• WHAT THIS TASK INVOLVES: Keep every word of the listing and drop the images when you write it out.
**** SUPPLIED MATERIAL
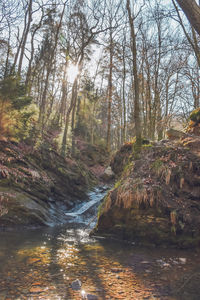 River flowing amidst trees in forest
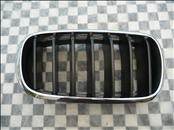 2014 2015 2016 2017 2018 BMW F15 F16 X5 X6 Front Right Passenger Side Kidney Grill Grille 51712334710 OEM A1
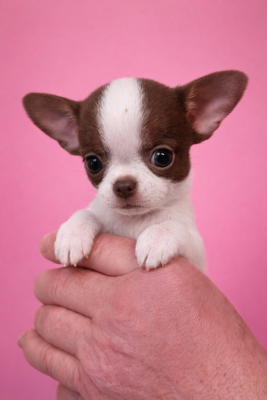 Les chiots de Chihuahua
********
• ANSWER BOX:
 River flowing amidst trees in forest
 2014 2015 2016 2017 2018 BMW F15 F16 X5 X6 Front Right Passenger Side Kidney Grill Grille 51712334710 OEM A1
 Les chiots de Chihuahua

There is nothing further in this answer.